THE GOTHAMIST INTERVIEW: SEPT. DAY 4 — WARREN LEIGHT

2005_09_warrenleight_bigToday’s Gothamist Interview is with Warren Leight who just might be my new writer hero. If you don’t know Leight by name, chances are you’ve seen or at least heard of his work. He won a Tony Award for the play Side Man. He has a new play officially opening this weekend called No Foreigners Beyond This Point, and Sunday night is the season premiere of Law & Order: Criminal Intent on which he’s a writer and co-executive producer. In 1993 he wrote and directed the wonderfully clever romantic comedy The Night We Never Met which I vividly remember seeing and loving at an early press screening. In the interview, he mentions that people occasionally say to him that it’s one of the most underrated romantic comedies of the 1990s, and I would most certainly agree.

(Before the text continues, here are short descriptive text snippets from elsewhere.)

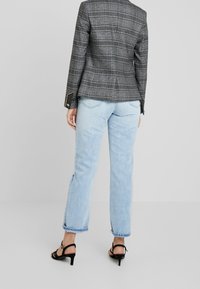 Grå rutiga kavaj med strukturerade axlar, tillsammans med ljusblå raka jeans och svarta remsandaler. Texturerad tyg och rena linjer.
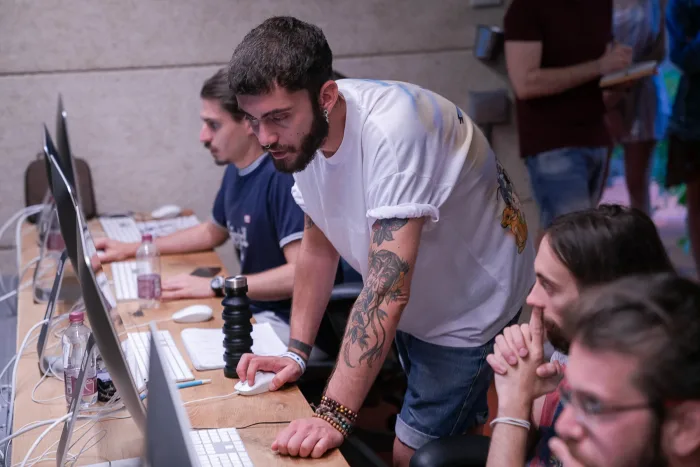 Studente in piedi segue il lavoro dei compagni alle postazioni
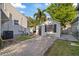 View of backyard with brick pavers and a storage shed, with tropical foliage in the background on a sunny day at 108 S Lincoln Ave, Tampa, FL 33609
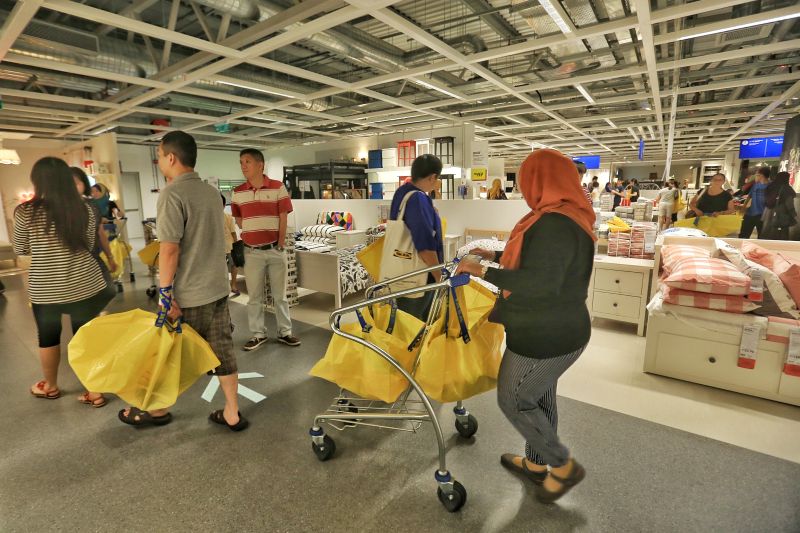 Customers take a look around the new Ikea Cheras which is 20 per cent bigger than the first branch in Damansara. ― Picture by Saw Siow Feng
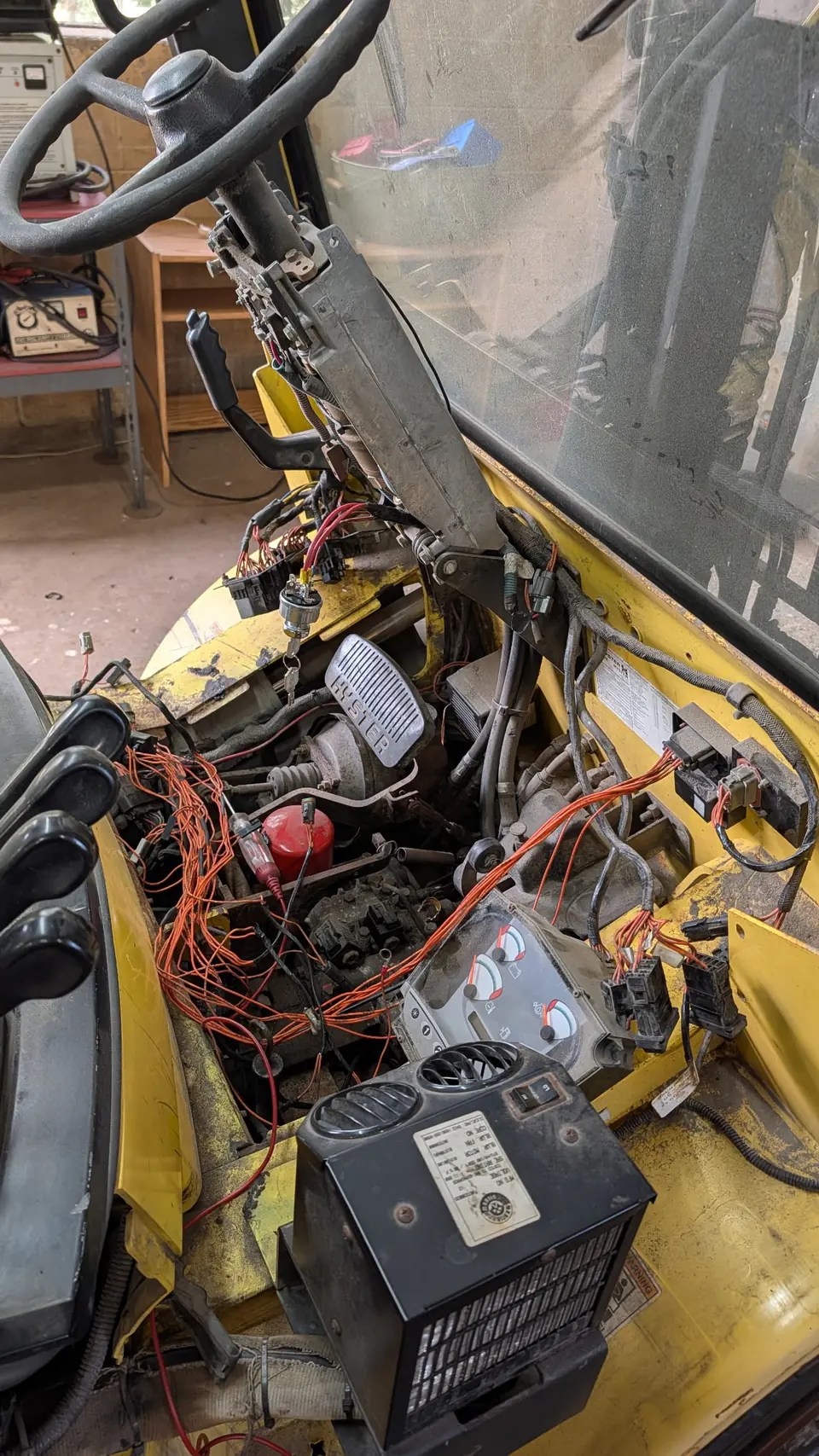 Exposed wiring, steering column, and dashboard components during forklift repair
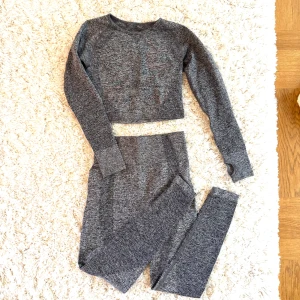 Tränings set - Säljer ett set med gråmelerad croppad långärmad träningströja och matchande tights. Tröjan har tumhål i ärmsluten och båda plaggen är i stretchigt material som passar perfekt till träning.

But why is he my new hero, you ask? Because while talking to him on the phone last week, for the first time in my life I heard a writer talk about his working habits in a way to which I could completely relate. I guess the most specific passage that I printed over at Gothamist would be this one:

You know, I guess there’s two kinds of alcoholics; there’s also two kinds of writers. I’m a binge writer. I’ve always been a binge writer. Again, that’s why TV is fine for me. You know, I’ll have three days to write a whole script, and I’ll go 20 hours a day for two days or something like that. There’s something about just disappearing into the world and coming out with a first draft that’s a bit of a narcotic for me I suppose. Something happens when I get into that world, that I don’t have any sense of time. I’ll look up, and 14 hours will have gone by, and I’ll stand, and my legs are all cramped up. I have writer friends who set the alarm every morning, wake up, make a cup of coffee, and sit down at the typewriter. I don’t understand what they’re doing.

Halleluljah! Tell me about it. I’ve tried to force myself into that make-it-a-habit mode, and it just never works. It makes everything harder. He also talks about how he needs deadlines; that he’ll always do what it takes to get it done; that sometimes he’ll agree to a deadline (for a script reading, for example) before he even knows what he’s going to write about. I relate.

Two years ago, I was determined to finally write a complete draft of a screenplay idea I had had for a few years. So what did I do? I actually paid to take a screenwriting class, not because I wanted someone to teach me how to write a screenplay — I’ve had plenty of classes and read books and read hundreds if not thousands of screenplays — but just to give myself a deadline. I’m terrible at setting deadlines for myself because if I don’t make it, who do I disappoint or fail? Just me, and in my own head (here comes the dysfunction), I’m not always important enough. But if I spend several hundred dollars paying someone else, you better believe I’m going to complete that draft. And I did. And now, two years later, “Dwight and the Lady in White” (that’s just a working title!) remains in that complete first draft state. I really need to get back to it, but how without a hard deadline?

In fact, the best part of my conversation with Warren was a bit that I didn’t print on Gothamist, just because of length — as it was, I cut well over 2000 words from the final interview and it’s still rather long. But I’ll tell you what he said here.

Honestly, the self-loathing … the worst thing in the world is how you end up hating yourself because you’re NOT one of those other kinds of writers. I guess … here’s my tip, Aaron: just accept it. Give yourself … It took me 20 years to figure this out. Impose a deadline on yourself, but the only way it works for me is to have eight people waiting, or something like that. Tell somebody, Oh, I’m going to get you a screenplay in a month. But otherwise, I don’t know. How would you finish?

Yup. I hear ya. I may not always be the best writer, but the “self-loathing”? I got that shit nailed, yo!

One more interview will run next week, but I have to say, as busy as I’ve been and as difficult and time-consuming the past two weeks have been — and no, as of this moment, I still do not have a new apartment or job, although I have a big job interview in under three hours that I’m really hoping for — the interviews I’ve done this go around — with Warren, Christine Vachon and Liev Schreiber are easily among my favorites. Maybe because I actually got something personal out of conducting and editing each of them. I don’t know … but I guess it’s why I keep doing this.